Massoud Amin (born July 4, 1961) is a Professor of Electrical and Computer Engineering at the University of Minnesota, Minneapolis, United States. He holds the Honeywell/H.W. Sweatt Chair in Technological Leadership, and is the Director of the Technological Leadership Institute in Twin Cities. He was named Fellow of the Institute of Electrical and Electronics Engineers (IEEE) in 2016 for leadership in smart grids and security of critical infrastructures. He is also a Fellow of the American Society of Mechanical Engineers.

Amin is known as the "father of the smart grid" due to his research and teaching on power grid theory. Amin has published a number of academic papers on improving the reliability, self healing, and cybersecurity of the electric grid. He has worked with government officials to drive policy around making the electric grid more resilient.

==Education and career==
Amin graduated with a B.S. (cum laude) and M.S. degrees in electrical and computer engineering from the University of Massachusetts Amherst in 1982 and 1985 respectively. During those times, he was a member of the Eta Kappa Nu and Tau Beta Pi Engineering Honor Societies. He then obtained his M.S. and D.Sc. degrees in systems science and mathematics from Washington University in St. Louis, Missouri on 1986 and 1990 respectively. From 2001 to 2007, Amin was a member of the Board on Infrastructure and Constructed Environment at the National Academy of Engineering and a in 2006 served as Chairman of the Scientific Advisory Committee of the Computational Sciences & Engineering Division at the Oak Ridge National Laboratory.
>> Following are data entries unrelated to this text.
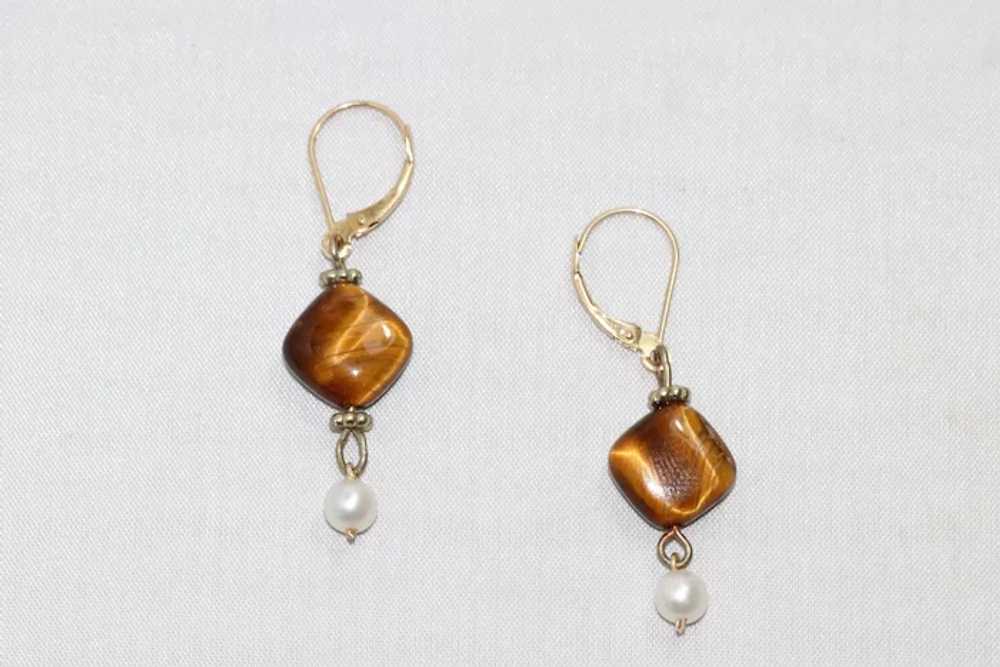 14KT Gold Tiger Eye Pearl Stone Dangle Earrings - image 3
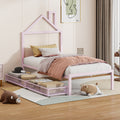Twin Size Metal Platform Bed With Two Drawers,House Shaped Headboard Design, Pink Twin Pink Metal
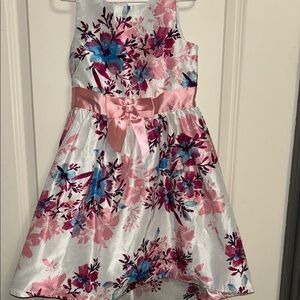 Girls' White Floral Satin Party Dress with Pink Bow
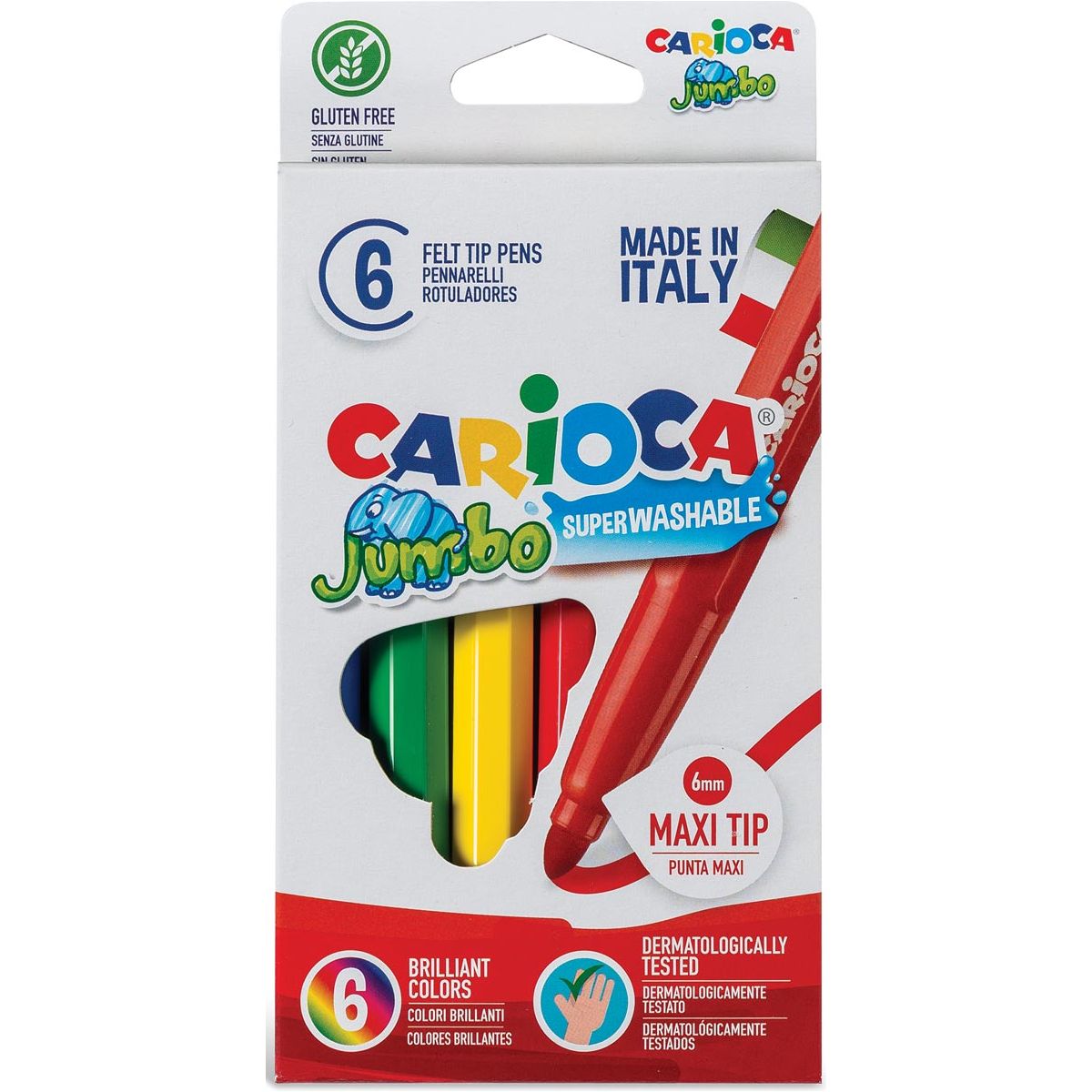 Carioca - viltstift Superwashable 6 stiften in een kartonnen etui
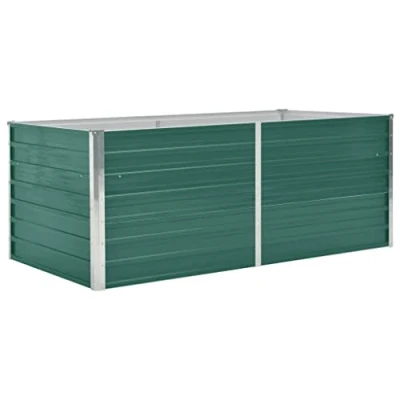 Afbeelding van Plantenbak verhoogd 160x80x45 cm gegalvaniseerd staal groen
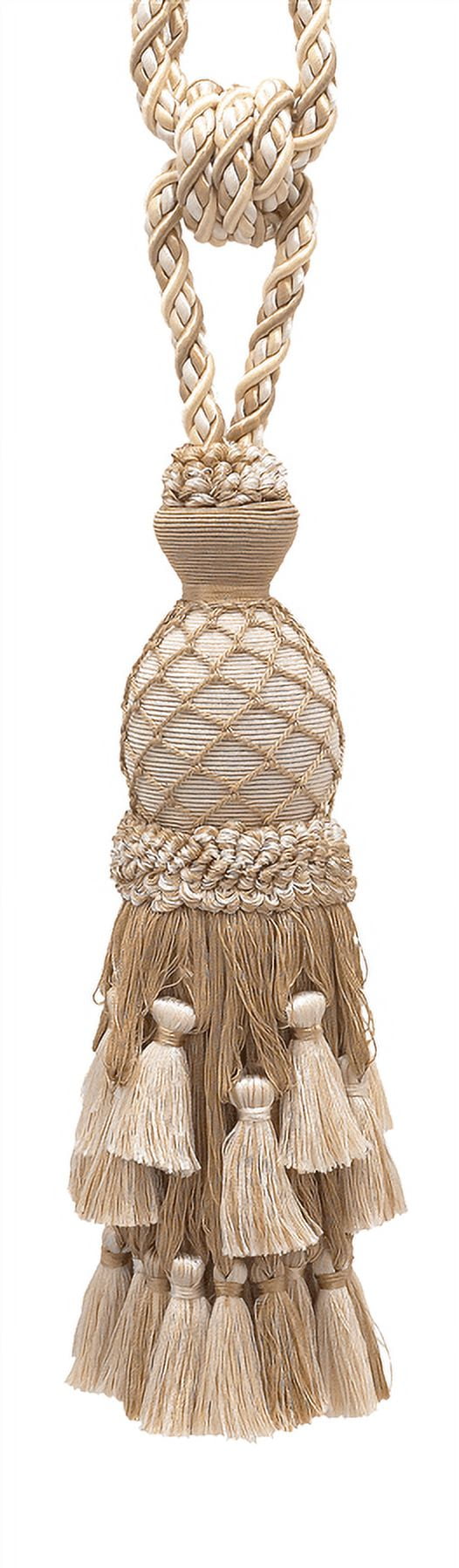 Lavish Large Curtain & Drapery, Hand Crafted Tassel Tiebacks, Tassel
Following it, he joined the Board on Mathematical Sciences and Their Applications, serving as such until 2009. From 2010 to 2012, he served as a chairman of the advisory board of the Instrumentation, Control & Intelligent Systems of Idaho National Laboratory.

In 2003, Amin was named Director of the University of Minnesota's Center for the Development of Technological Leadership, now known as the Technological Leadership Institute.